HOW TO COMPLETE THIS TASK :: Write out exactly the lines below starting at the one containing "Fall River Golf Course - #18 Green" and ending at the one containing "Used 2011 Ford". Omit every picture.

INPUT RECORDS ::
::::::
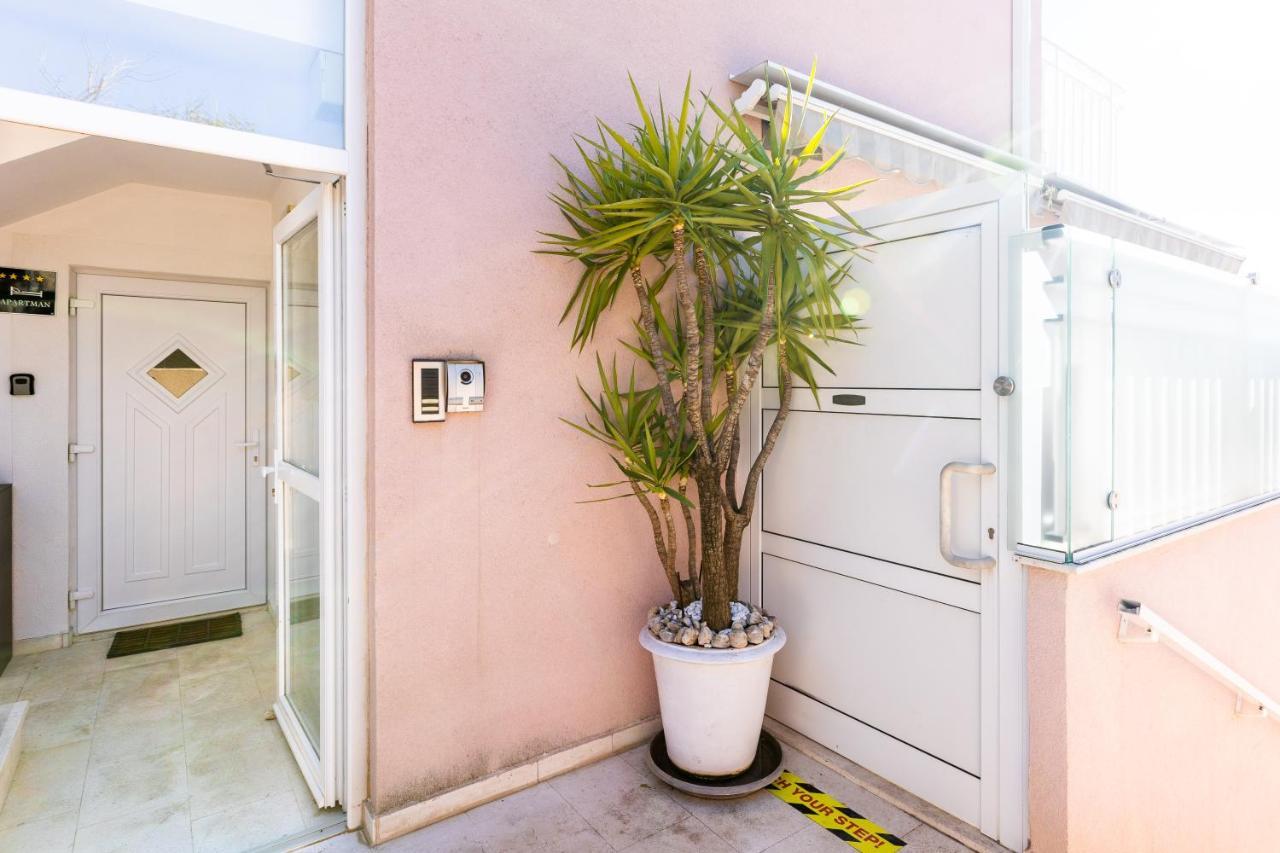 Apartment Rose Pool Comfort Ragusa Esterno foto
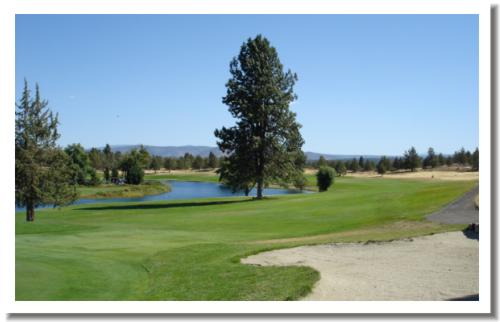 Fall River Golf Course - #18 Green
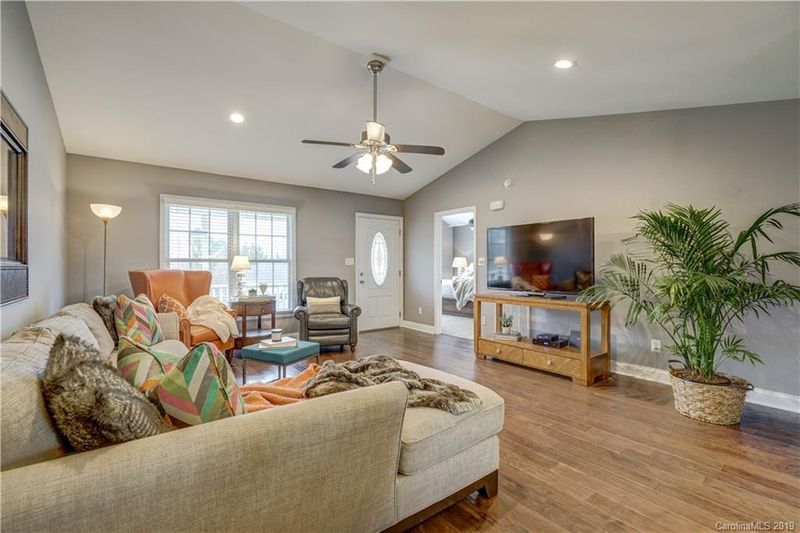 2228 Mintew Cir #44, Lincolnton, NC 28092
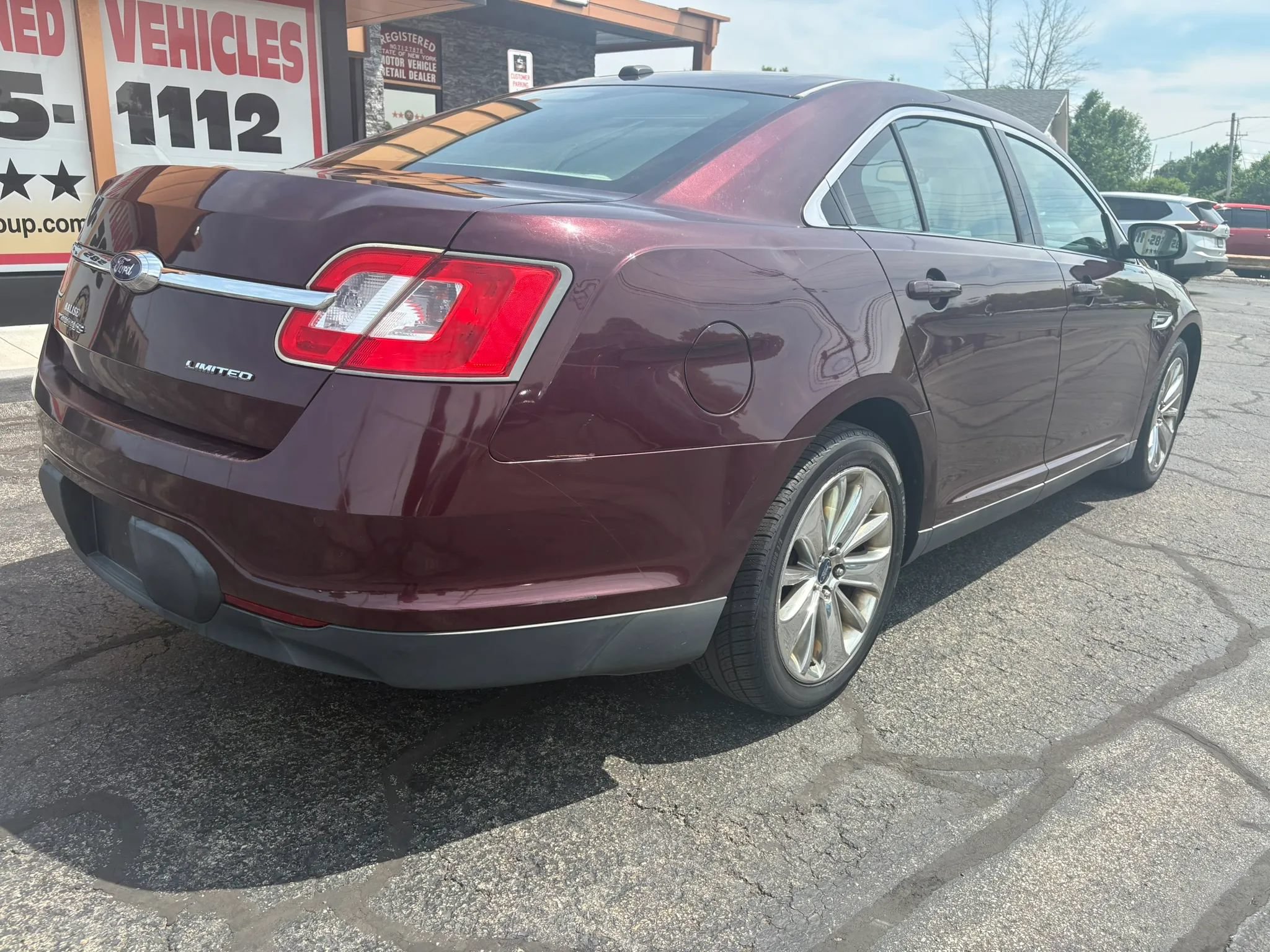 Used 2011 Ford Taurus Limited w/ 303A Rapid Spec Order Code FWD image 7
::::::
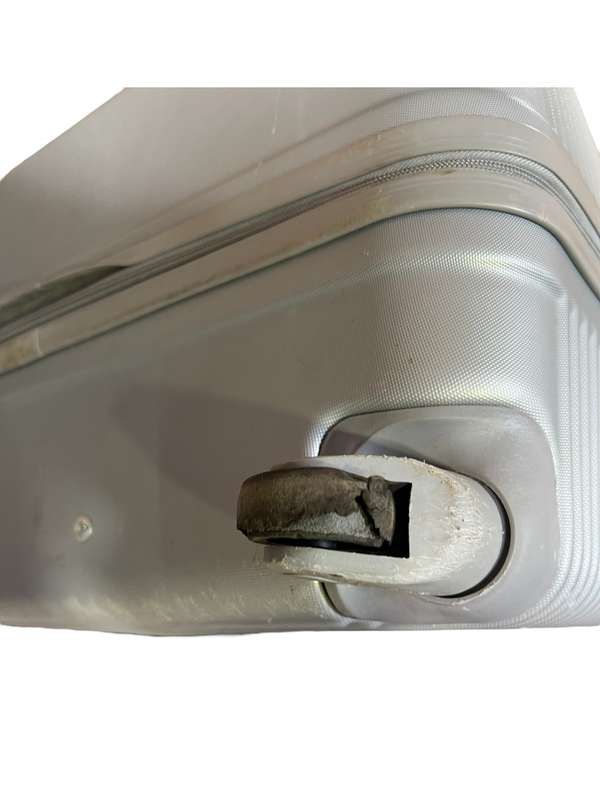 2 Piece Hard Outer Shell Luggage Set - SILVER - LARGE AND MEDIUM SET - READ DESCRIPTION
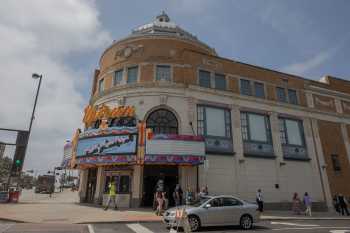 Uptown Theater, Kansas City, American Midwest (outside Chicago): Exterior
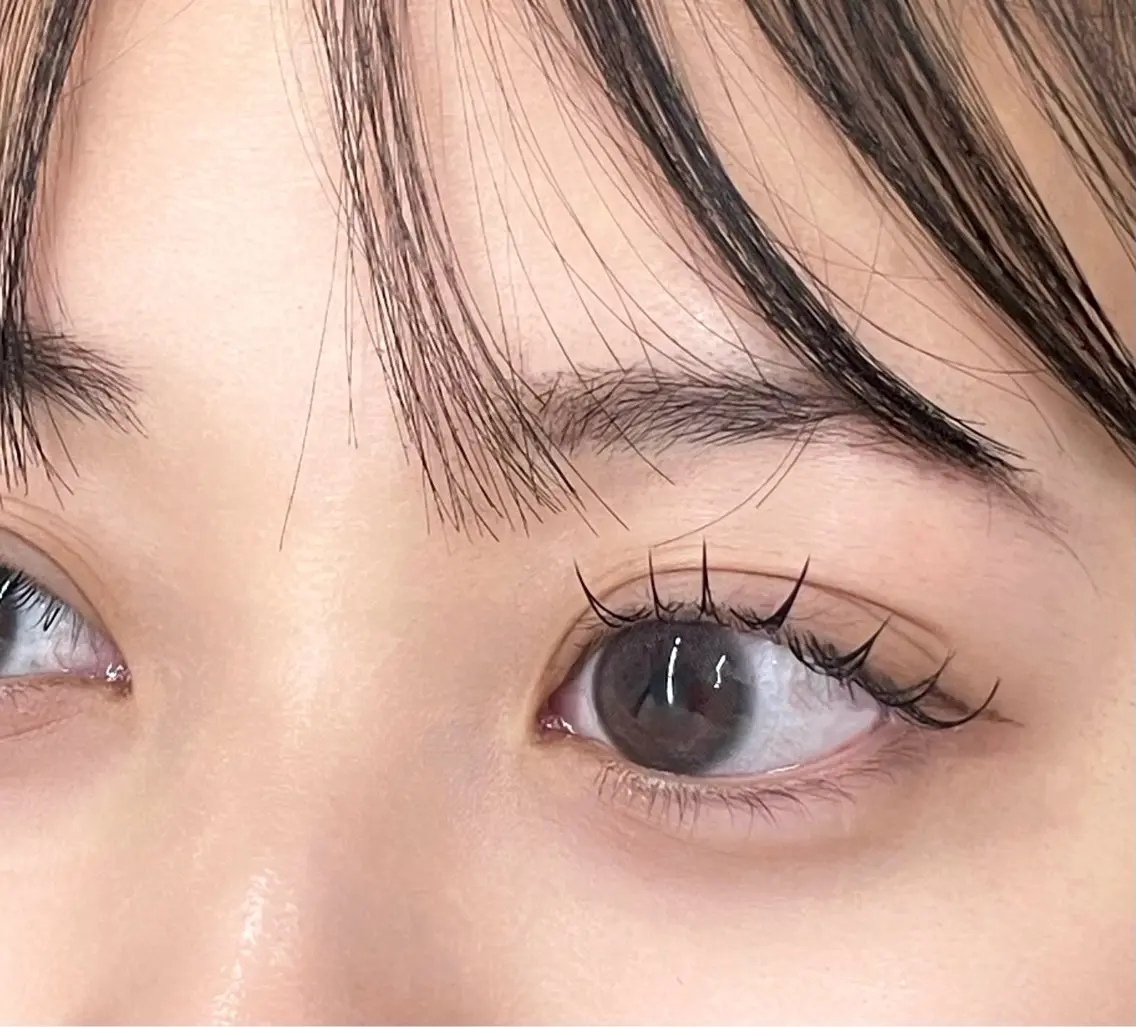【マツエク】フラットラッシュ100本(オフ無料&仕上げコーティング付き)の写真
::::::
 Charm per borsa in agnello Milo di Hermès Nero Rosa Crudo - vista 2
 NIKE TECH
::::::
SOLUTION FOR THIS EXERCISE ::
 Fall River Golf Course - #18 Green
 2228 Mintew Cir #44, Lincolnton, NC 28092
 Used 2011 Ford Taurus Limited w/ 303A Rapid Spec Order Code FWD image 7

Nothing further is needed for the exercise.